Over the years, I’ve realized that keeping the portfolio slender is not necessary. But it is important to add new stocks with extra care. If any bad company creeps inside, reviewing the list will highlight the mistake. I make sure to sell them even at a break-even price.
#5. One Visual Indicator, & Final Goal
Over the years, I’ve realized that one visual indicator that’s worth tracking is CAGR (Compound annual growth rate). It can be the CAGR of the individual stocks and of the total portfolio. The ultimate goal is to keep the CAGR of my shares portfolio around 26% per annum.
I know, the expected return number is high, but it is within the practical limits. It is the reason why most of my stock picks are from the mid-cap and small-cap domains.
There is a significance of 26% per annum return. Let’s look at the below table. Rupee 100 invested for 20 years will become 10,000 at 26% per annum. Similarly, Rupees 1,00,000 will become Rs,1,00,00,000 in 20 years at 26% returns. The twenty-six percent number is acting like a 100 multiplier, in 20-Years, to the invested amount.

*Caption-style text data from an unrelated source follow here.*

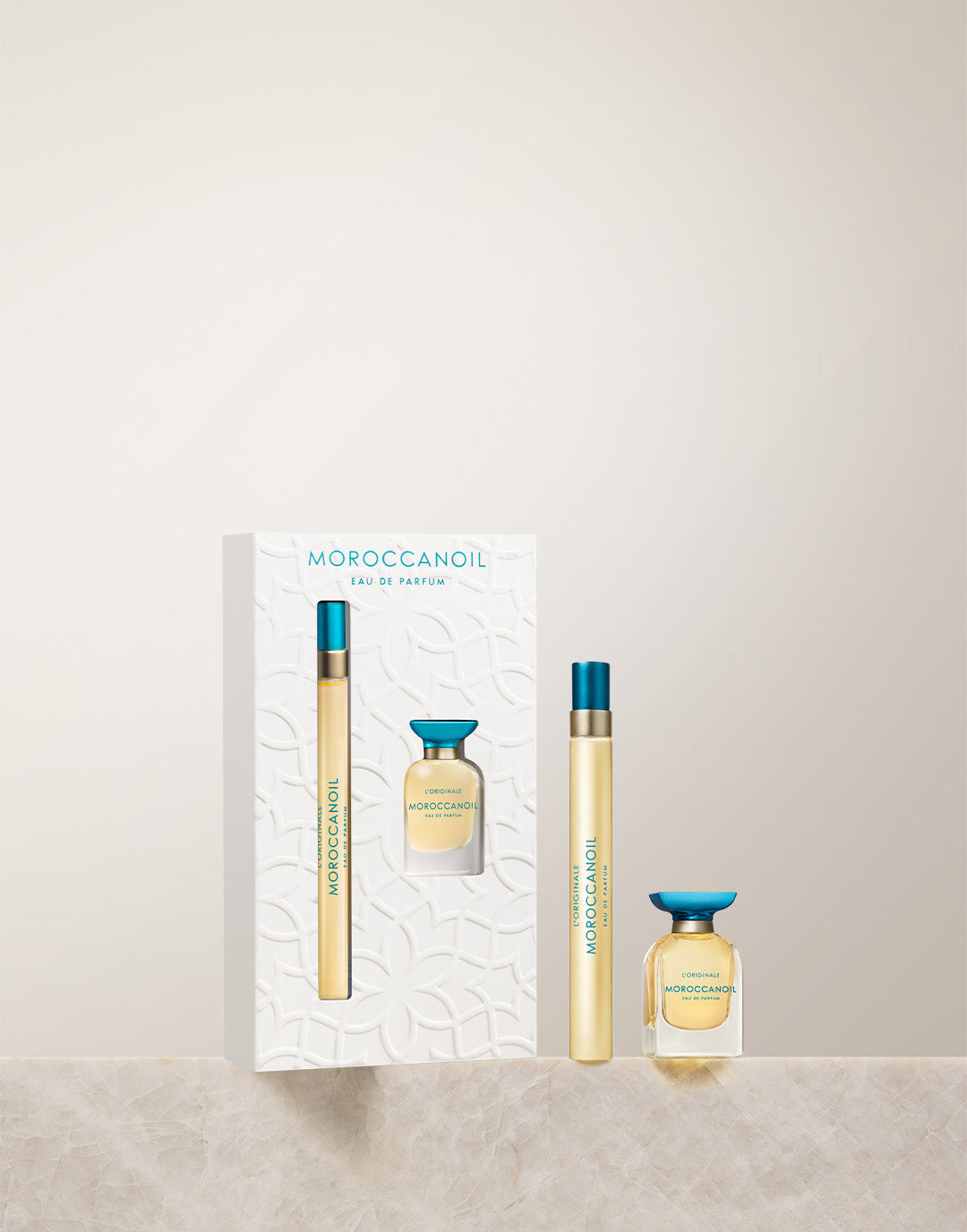 Zestaw Mini L’Originale Eau de Parfum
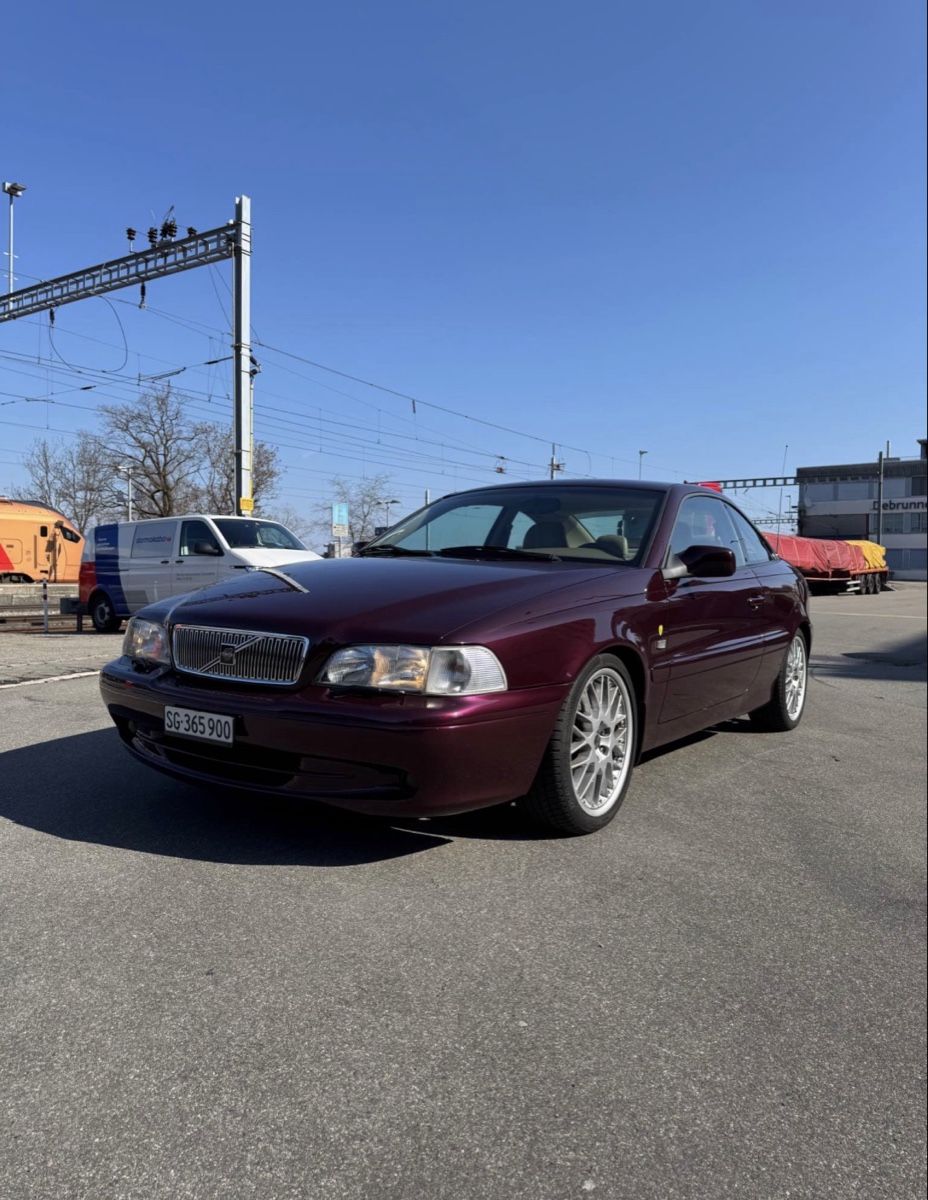 Volvo Automobili: Volvo C70 T5 – Usato da St. Gallen venduto da dar_mty2 3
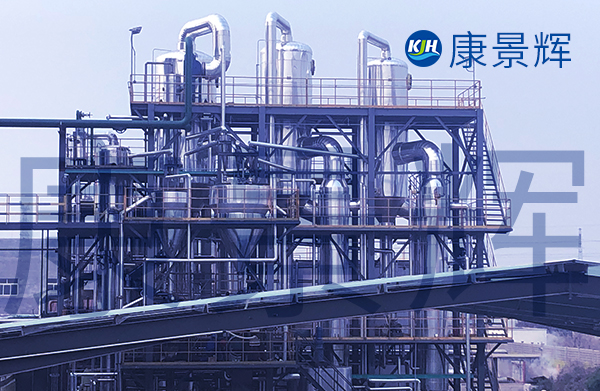 山西廢水處理設備廠家:強制循環(huán)三效蒸發(fā)器多少錢？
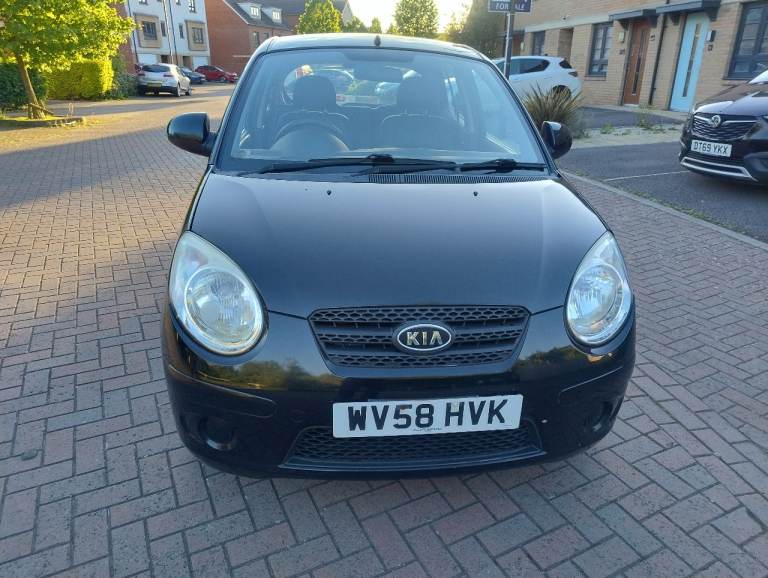 Kia, PICANTO, Hatchback, 2009, Manual, 999 (cc), 5 doors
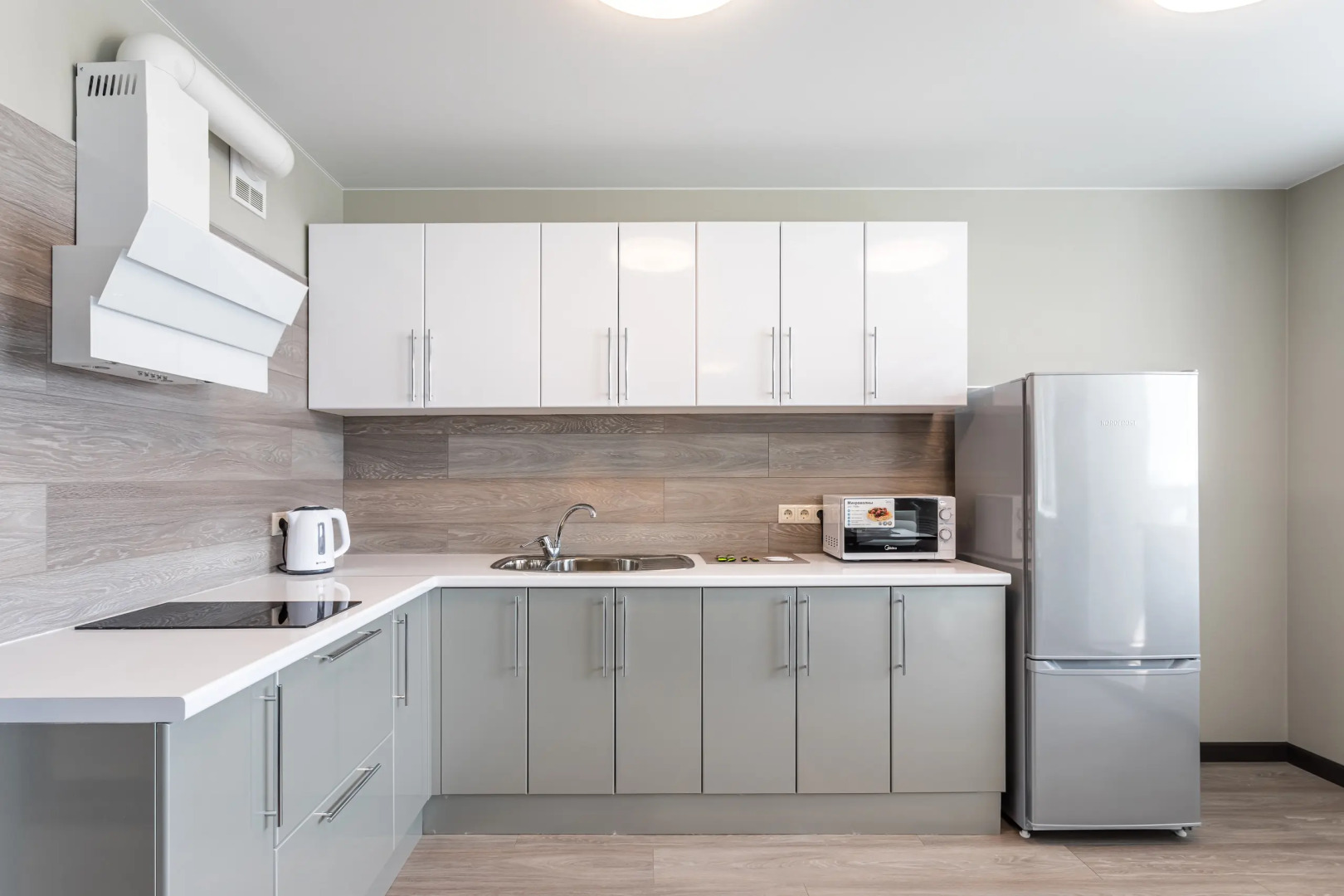 Квартира на 40 лет Октября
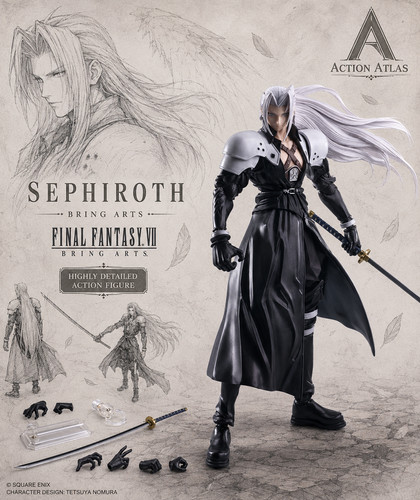 Final fantasy bring arts - final,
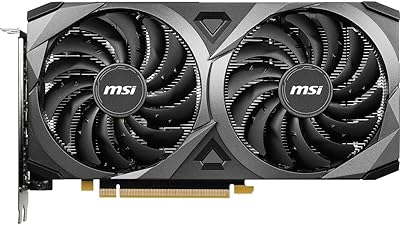 MSI GeForce RTX 3060 Ventus 2X 8GB OC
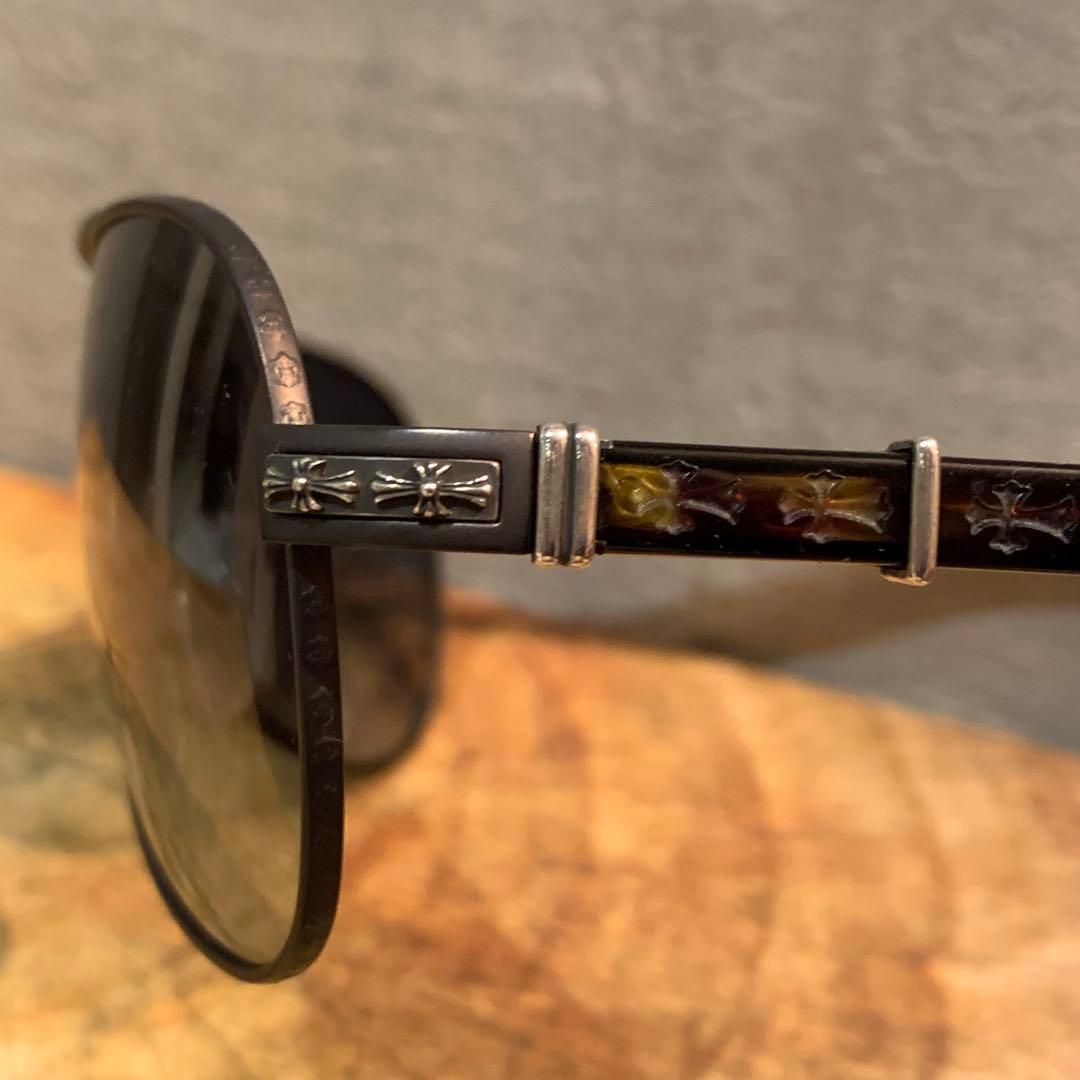 クロムハーツ メンズ サングラス GRANDBEAST グランドビースト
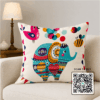 Scanshop India Polycotton Cushion Covers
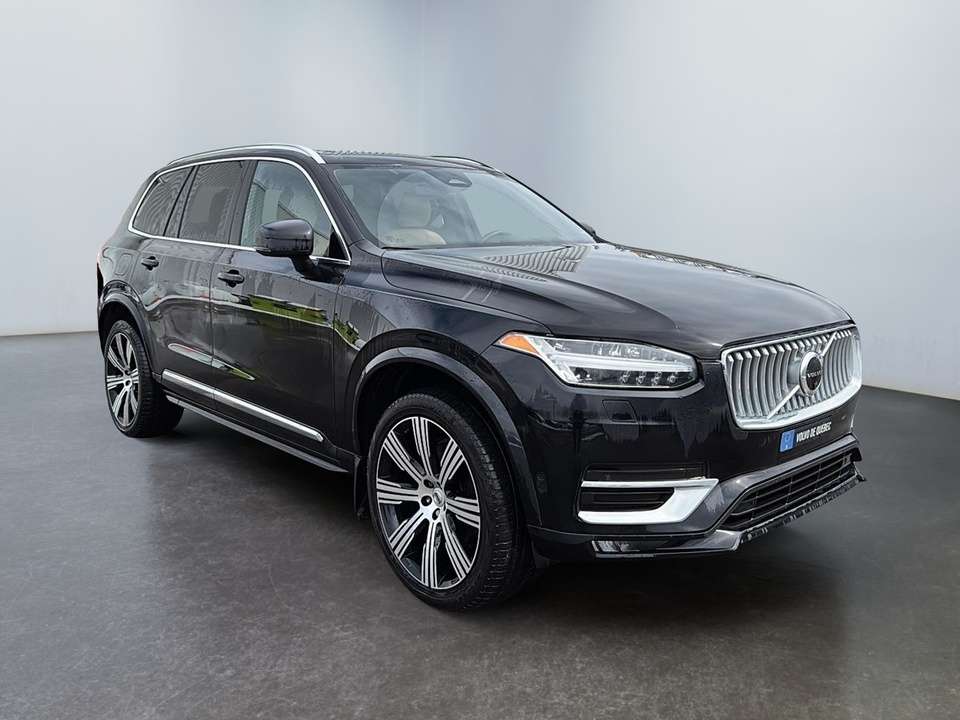 2023 Volvo XC90 ULTIMATE TOIT PANO 7 PLACE SIEGES VENT CAM 360 thumb 10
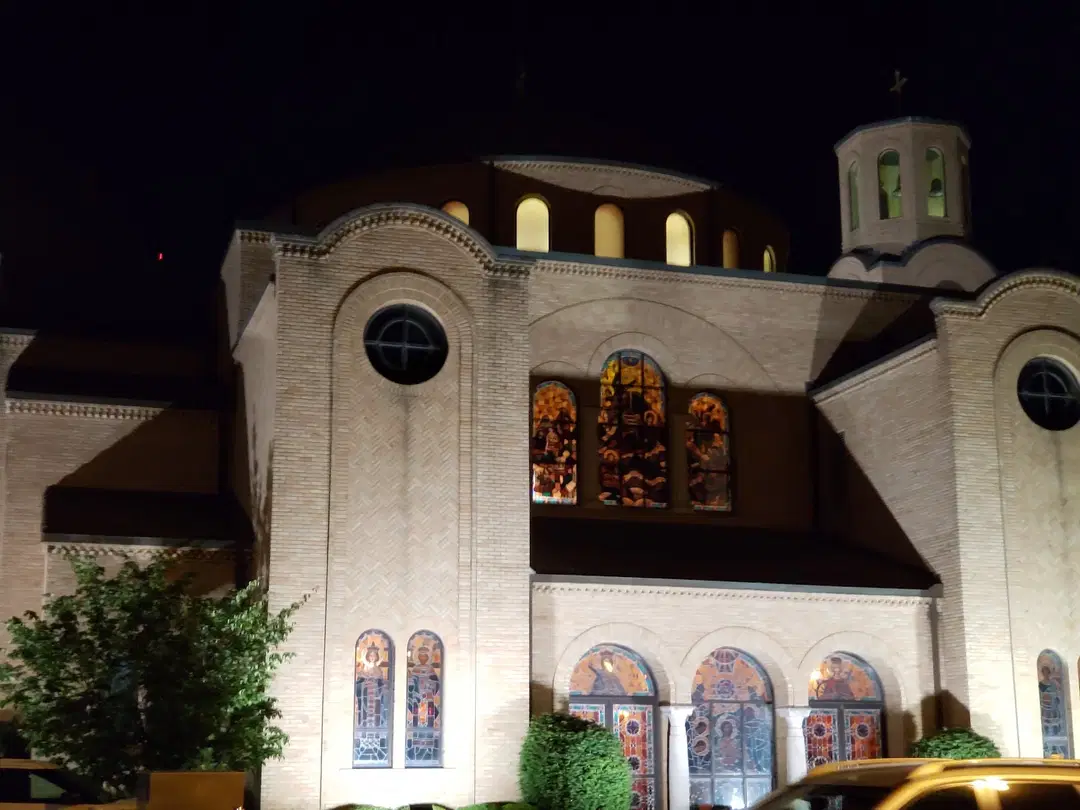 Annunciation Greek Orthodox Cathedral, Columbus, OH — photo 17 of 19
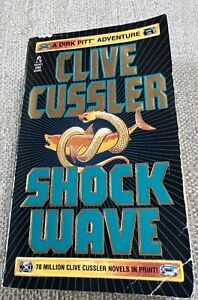 Dirk Pitt Series: Shock Wave by Clive Cussler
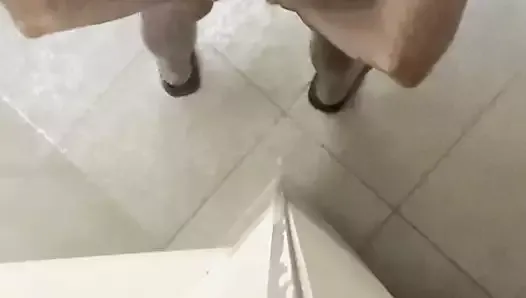 Публичный душ, видео No1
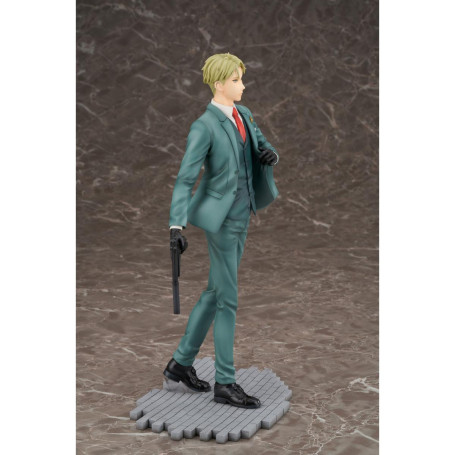 Furyu - Familia Spy X - Loid Forger 1/7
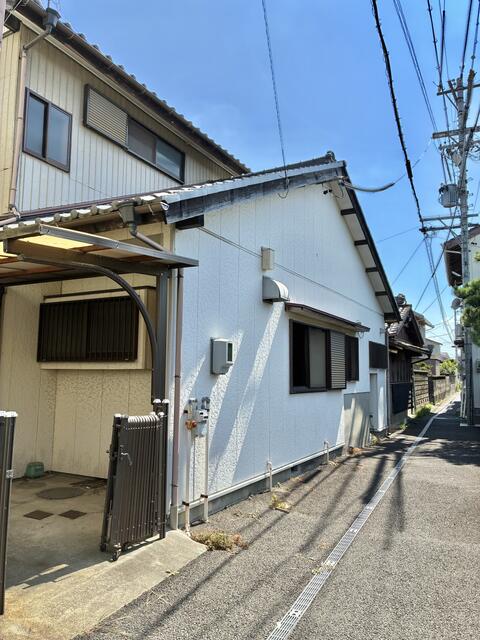 detached 愛知県あま市西今宿梶村三 地図を見る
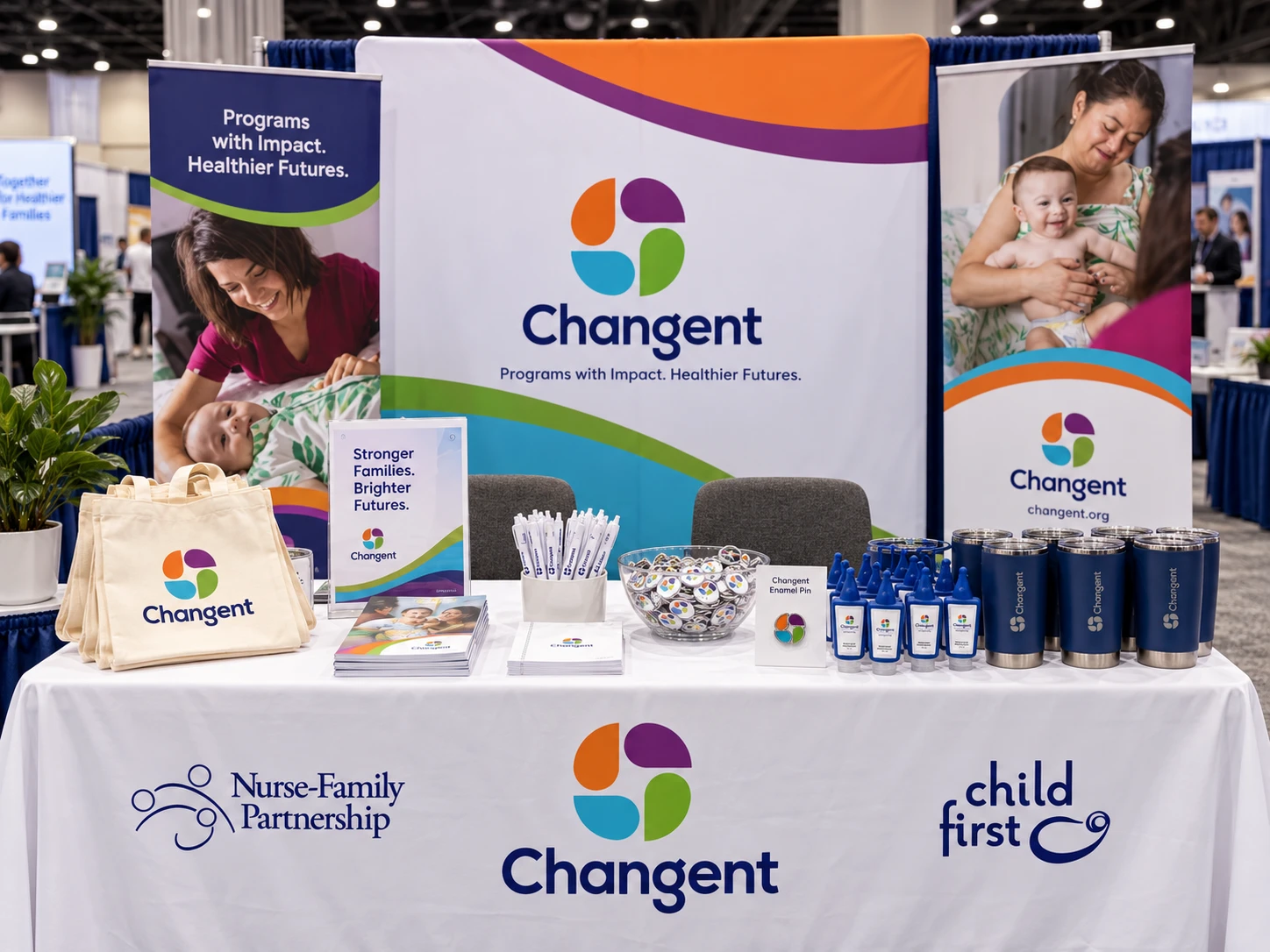 How a Large Nonprofit Manages Merch Across 280 Partners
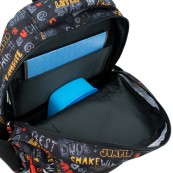 Рюкзак шкільний GoPack GO22-175M-8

The above table also helped me to realize a simple but important investment lesson.
By investing continually in quality stocks will build wealth in long term.
How does the above table verify this quote? Allow me to explain it visually.
- Investing Continually: The heavier will be the invested corpus, the bigger the portfolio will grow over thime. It happens due to the power of compounding. How to do it? By investing continually. I do it by always keeping my investible savings reasonably funded.
- Quality Stocks: This realization is easy. Investing only in quality stocks will yield the expected returns of 26% per annum. So, the focus on fundamental analysis and price valuations cannot be avoided.
- Wealth Building: The present value of the shares portfolio represents wealth. Ultimately everythig is done here is for the purpose of wealth building. Investing continually in quality stocks will surely build wealth in long-term (20-Years).
After 5-10 years, the investor bothers less about individual stocks in the portfolio. The charm is more about the overall performance of the whole portfolio.
I hope you liked my thoughts and realizations about the stock portfolio.
Keep reading and have a happy investing.